(Collection entries)
* * *
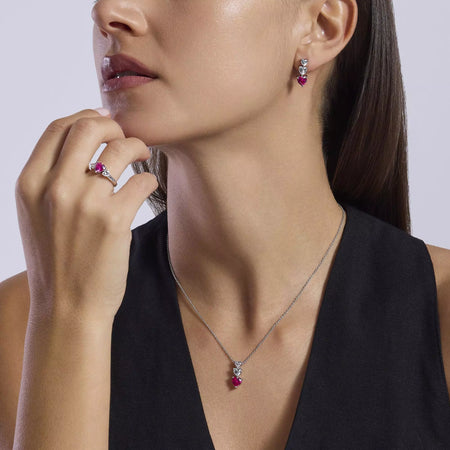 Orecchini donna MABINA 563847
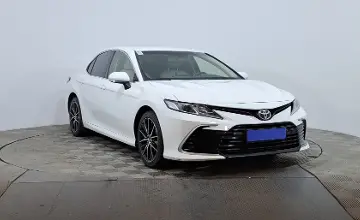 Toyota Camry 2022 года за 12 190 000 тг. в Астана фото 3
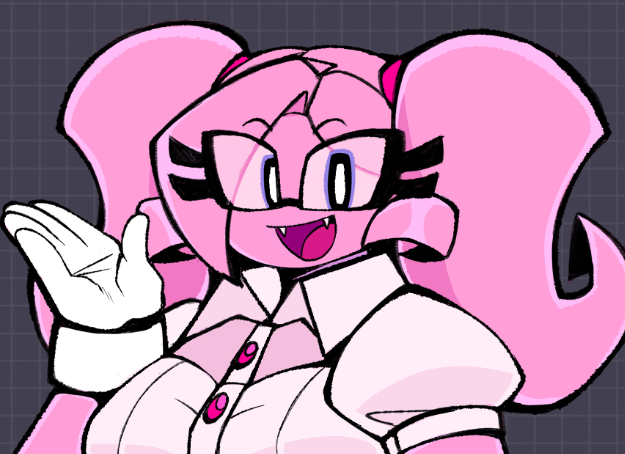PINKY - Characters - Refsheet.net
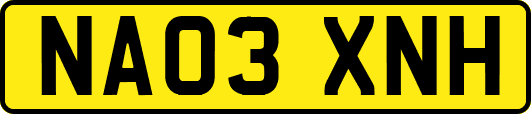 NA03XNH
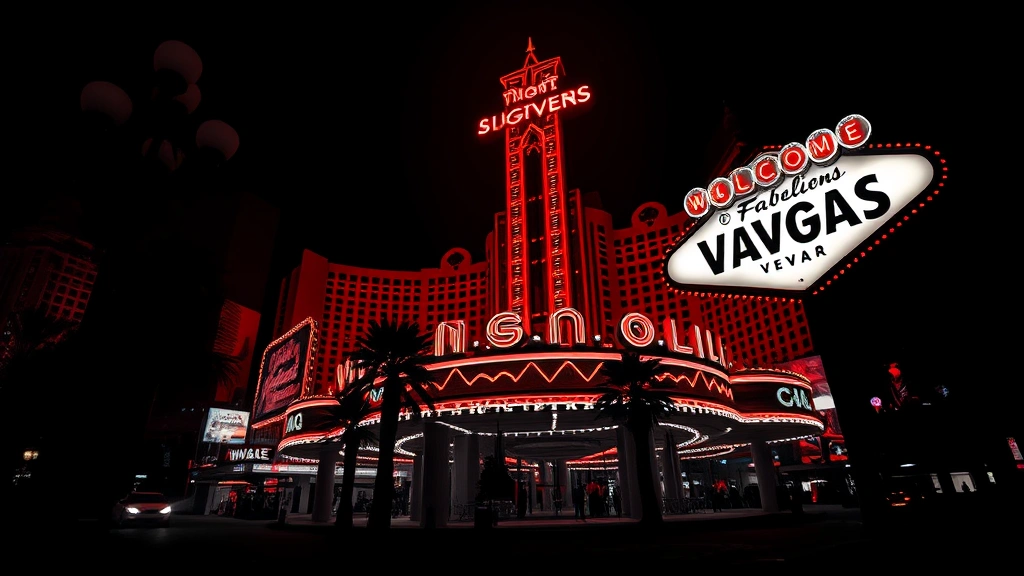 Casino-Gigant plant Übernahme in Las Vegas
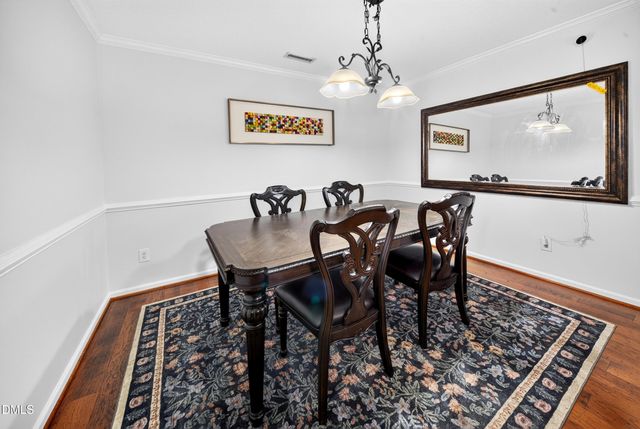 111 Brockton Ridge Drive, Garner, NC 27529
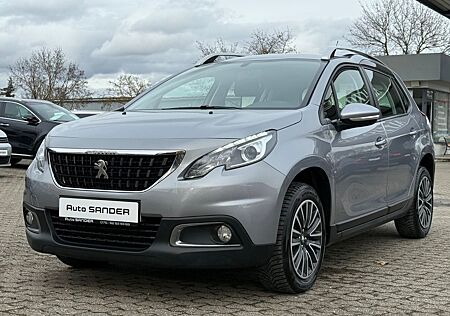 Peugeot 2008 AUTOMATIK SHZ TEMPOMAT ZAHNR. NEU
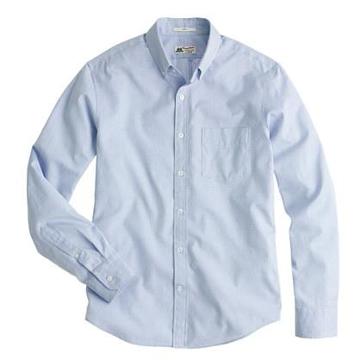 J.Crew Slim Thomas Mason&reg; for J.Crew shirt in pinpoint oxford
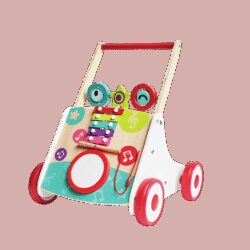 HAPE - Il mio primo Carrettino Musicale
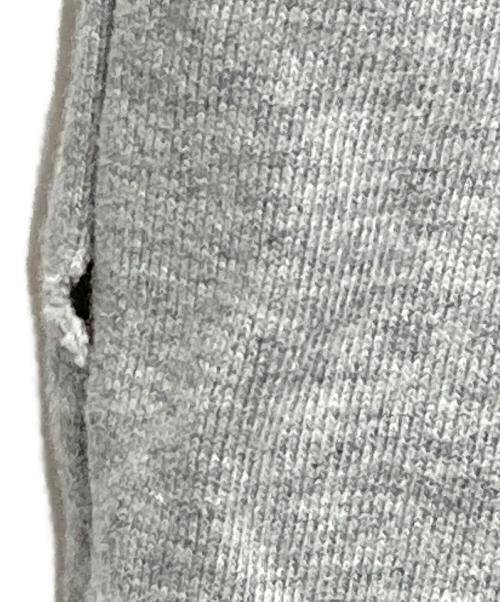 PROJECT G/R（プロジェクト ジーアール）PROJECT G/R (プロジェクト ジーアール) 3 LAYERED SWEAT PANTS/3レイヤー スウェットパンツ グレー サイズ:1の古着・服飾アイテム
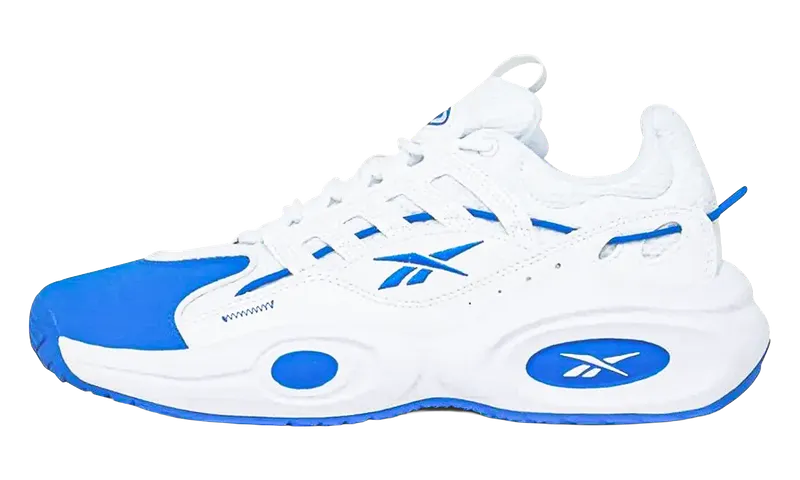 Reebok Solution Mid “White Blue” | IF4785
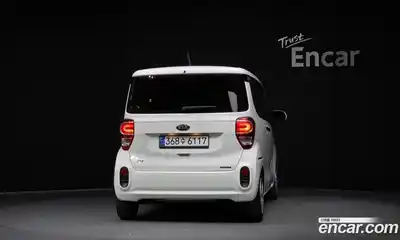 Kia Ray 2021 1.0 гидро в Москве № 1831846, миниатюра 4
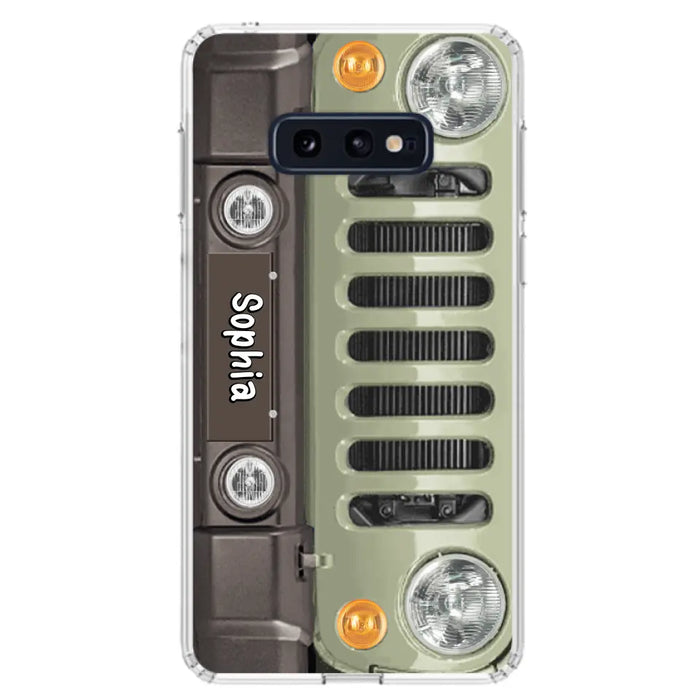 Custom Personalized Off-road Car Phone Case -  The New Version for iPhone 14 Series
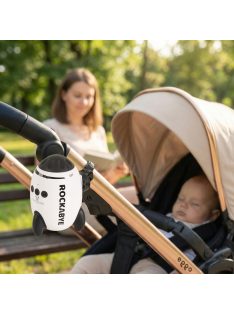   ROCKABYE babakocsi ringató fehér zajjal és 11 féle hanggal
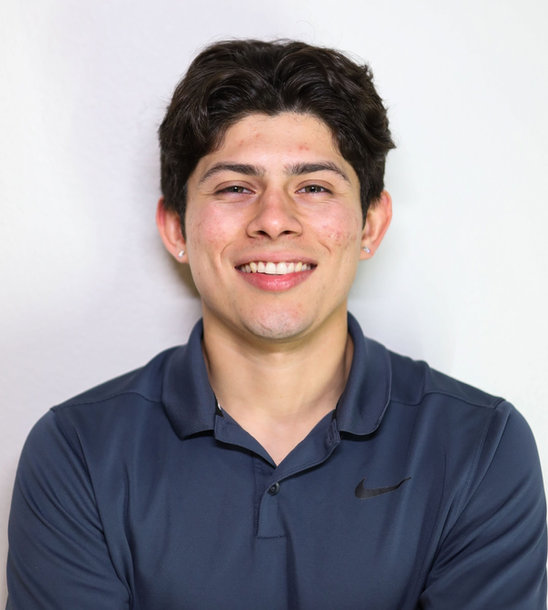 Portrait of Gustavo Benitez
* * *
**What you will do:** All pictures must be left out. Reproduce exactly the lines from the one containing "Peugeot 2008 AUTOMATIK" to the final line of the entries.

**Output of the exercise:**
 Peugeot 2008 AUTOMATIK SHZ TEMPOMAT ZAHNR. NEU
 J.Crew Slim Thomas Mason&reg; for J.Crew shirt in pinpoint oxford
 HAPE - Il mio primo Carrettino Musicale
 PROJECT G/R（プロジェクト ジーアール）PROJECT G/R (プロジェクト ジーアール) 3 LAYERED SWEAT PANTS/3レイヤー スウェットパンツ グレー サイズ:1の古着・服飾アイテム
 Reebok Solution Mid “White Blue” | IF4785
 Kia Ray 2021 1.0 гидро в Москве № 1831846, миниатюра 4
 Custom Personalized Off-road Car Phone Case -  The New Version for iPhone 14 Series
   ROCKABYE babakocsi ringató fehér zajjal és 11 féle hanggal
 Portrait of Gustavo Benitez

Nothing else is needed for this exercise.